Saved by Corduroy
How the original Preppy Handbook changed my life.
You can't blame Lisa Birnbach for revisiting her greatest hit, The Official Preppy Handbook, which climbed the best-seller lists in 1980. But True Prep, a sequel that arrives in bookstores next week, doesn't compare. It simply isn't helpful enough.
Thirty years ago, while still an undergraduate in England, I got my hands on a copy of the original Handbook, and it changed my life. I'd always been obsessed by America—I was majoring in American studies at the time, and I spent most of my waking hours trying to finagle my way into a U.S. graduate school—but my vision of the place was mostly gleaned from Hill Street Blues and the Mamas and the Papas. I thought everyone dressed in uniforms or kaftans. The Preppy Handbook clued me in.

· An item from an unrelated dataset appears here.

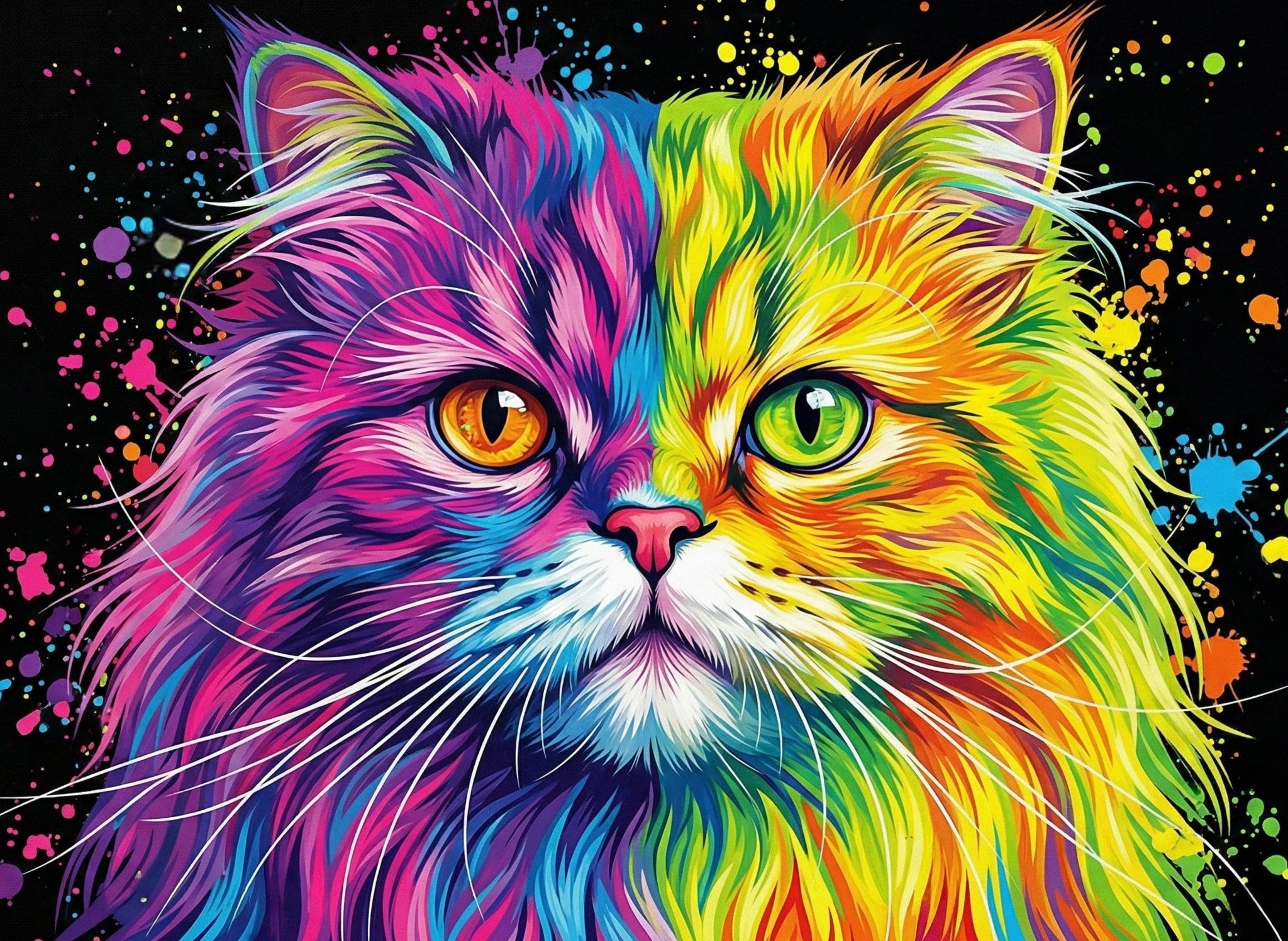 Bunte Perserkatze Holzpuzzle (2D) MagicHolz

The first sections of the book were somewhat alarming. All that talk of governesses and private schools (so that's what prep meant) had me worried that America was just a newer, larger version of class-obsessed Britain. But the second half was more practical, teaching the preferred terms for drunk, how to perform a dancelike movement known as Gatoring, and how to pronounce the "ou" in drop trou. I learned about khakis, Oxford shirts, and worn-out shoes held together with tape.
When I did make it to America—to study at the University of Delaware, which, for some reason, does not rate a mention alongside Hamilton and Princeton in the Handbook's list of preppy colleges—my colleagues at the foreign-student orientation seemed jealous of my advantages: As a native speaker of English and a Caucasian, it would be easy for me to "fit in." Little did they know that my real leg-up was my familiarity with the small print of the Preppy Handbook.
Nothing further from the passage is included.